Jane Jacobs
It is the enthymeme tactics and strategies of the unsaid that reverberate. One wonders why such and such a passage appears. Take for example the personal reminiscence of the "unostentatiosly silent" friend and roomer who it is discoved some ten years later to have worked in a supersecret intelligence office. The anecdote seems gratutious. It is until you think about history, gender roles and community support, ideas that weave in and around the examples.
As a reader you are invited to pause and ponder.

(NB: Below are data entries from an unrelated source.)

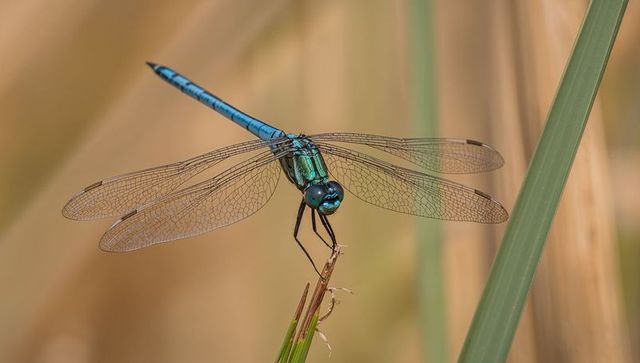 Perching emerald dragonfly clinging to broken grass stem with metallic blue sheen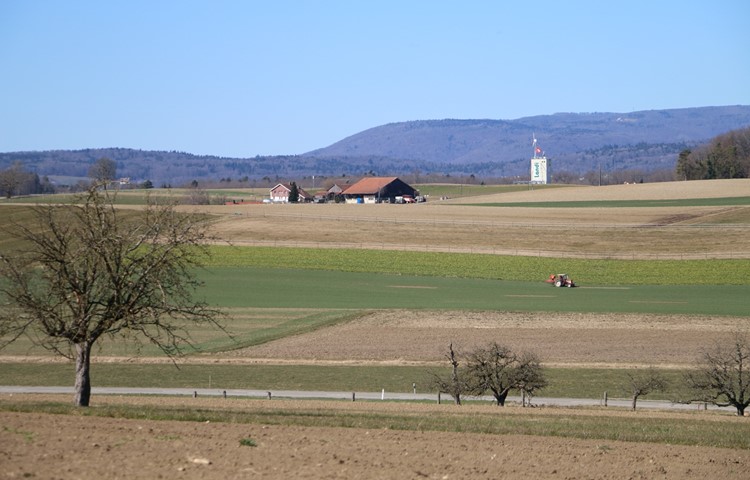 Die landwirtschaftliche Siedlung mit 39' 000 Quadratmeter Fläche drumrum wäre erst am Schluss versteigert worden, weil unentbehrlich für den Besitzer. Die landwirtschaftliche Siedlung mit 39' 000 Quadratmeter Fläche drumrum wäre erst am Schluss versteigert worden, weil unentbehrlich für den Besitzer.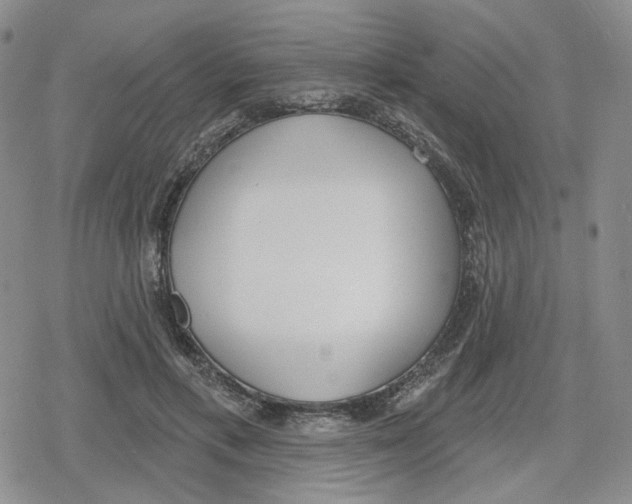 X0000079310597200612151754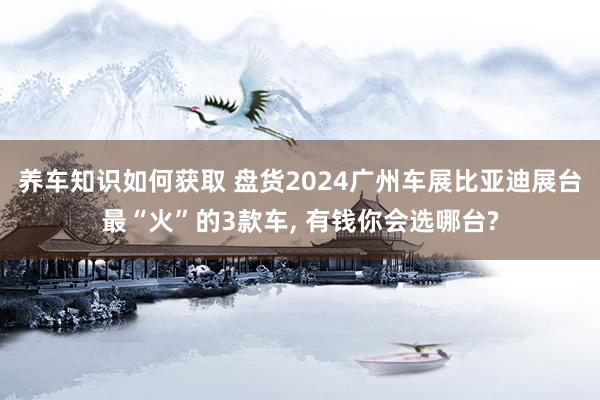 养车知识如何获取 盘货2024广州车展比亚迪展台最“火”的3款车, 有钱你会选哪台?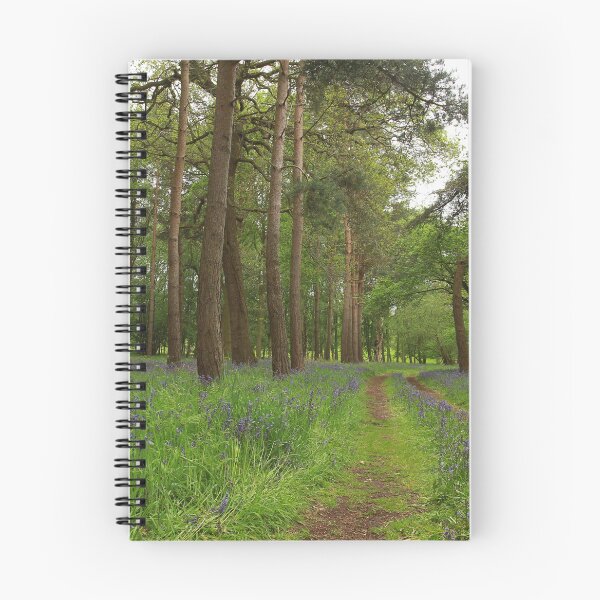 Item preview, Passing pines  designed and sold by miradorpictures.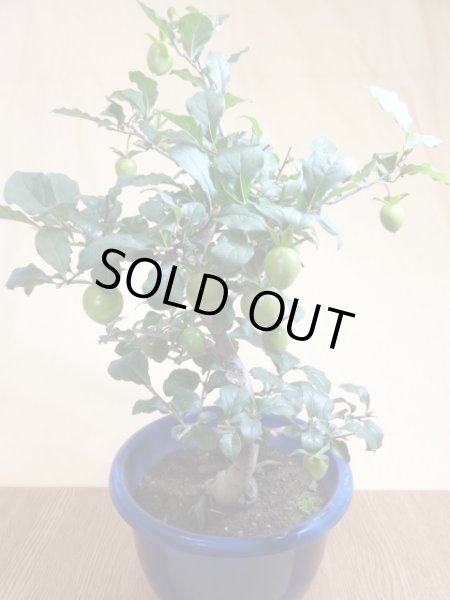 画像2: ローヤ柿 紅光(3) (2)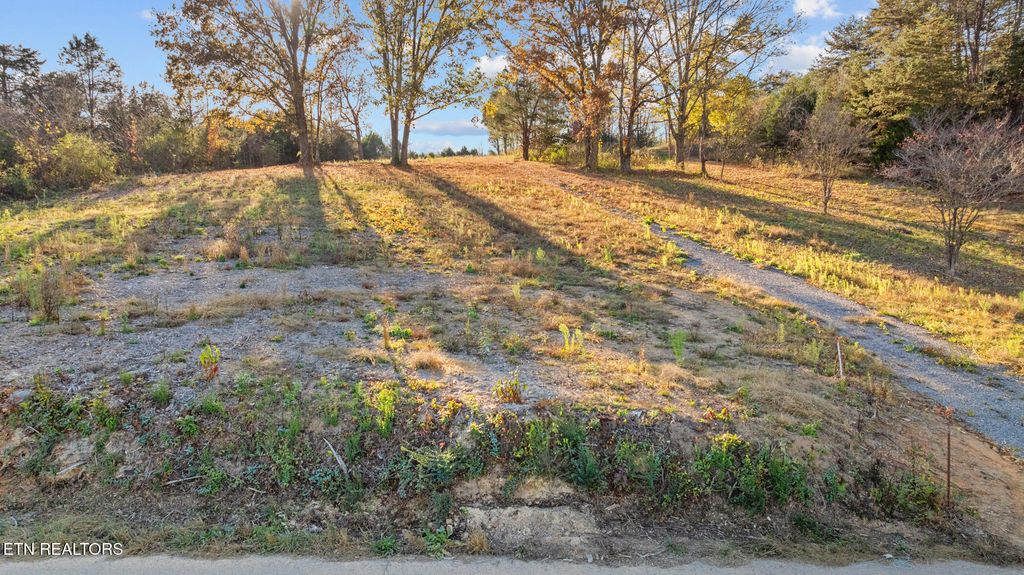 Photo of 3 Rodgers Rd, Corryton, TN 37721 (MLS # 1299572)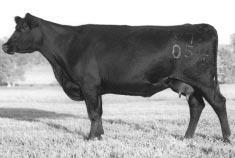MILL BRAE 6807 TRAV 3508 SONS Double-bred calving-ease, productive cow family 100 Mill Brae RT Karama 7054 dam of lot #100 Mill Brae 3508 Trav 2280 Bull Calved: 4-10-02 Tattoo: 2280 Reg. No.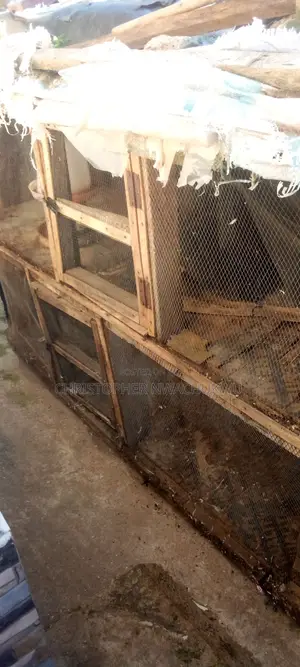 Poultry Bird House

One of my favourite moments is the suggestion that the elimination of one-way streets in a maze can improve the traffic flow. "These impediments were contrived to keep vehicles out of one another's way and thus carry out the theme of a speedy trip." There is no mention of the width of the streets. And one begins to understand the relations between on-street parking practices and mazes of one-way streets. And before digressing into consideration of funds generated from city permits and the more fundamental question of city right to raise revenue, one understands that one-way streets may have less to do with traffic calming and more with car ownership patterns. Who needs a maze of one-way streets where on street parking is not required or desired? Tug and pull.
As a reader you are invited to ponder, pause and ponder some more.
Intellectual effort, creative work, being at play in a community, these are without saying the ways that sustain. Not mere tolerance but active curiousity. Not as difficult as it seems. Cuz the feedback loops are so very good.
The key to postagarian wealth is the complicated task of nuturing economic diversity, opportunity, and peace without resort to oppression.
Many pages before this elegant enumeration, I found myself reaching for my commonplace book to record a great and beautiful sentence. She is describing what lies at "the core of this intellectual phenomenon now shaping much (but not all) of Western culture"
Greed becomes culturally admired as competence, and false or unrealistic promises as cleverness.
There is a quiet marginal square bracket in my copy to indicate to future readers that somebody stopped here and marked the passage, a single sentence, with a pencil. And this is how my copy circulates. It celebrates the truly clever and the competent. No matter where they may be and how loud or soft their voices, it is they that provide the cohorts of culture bearers, the teacher-learners.
When human beings are nurtured, efficiency and economies of scale don't apply. Helping individuals become acceptable and fulfilled members of a culture takes generous individual attention to each one, usually from numerous people. Many autobiographies and memoirs attest gratefully to just such life-saving and morale-boosting attention.
Song after song. Heart after heart.
And you want to say when she compares Roman and American culture, the latter reveling in the richness of its indigenous arts, that we don't know if the empire sustained equivalents of "gospel music and blues; songs of labor unions, cowboys, and chain gangs; hits from musicals and films; country music, jazz, ballads, sea chanteys, rock and roll, and rap; patriotic, war, antiwar, and seasonal songs, advertising ditties; nursery rhymes; school, campfire, drinking, homesick, and love songs; lullabies; revival hymns; plus disrespectful parodies of the lot." So little is extant. That's the point.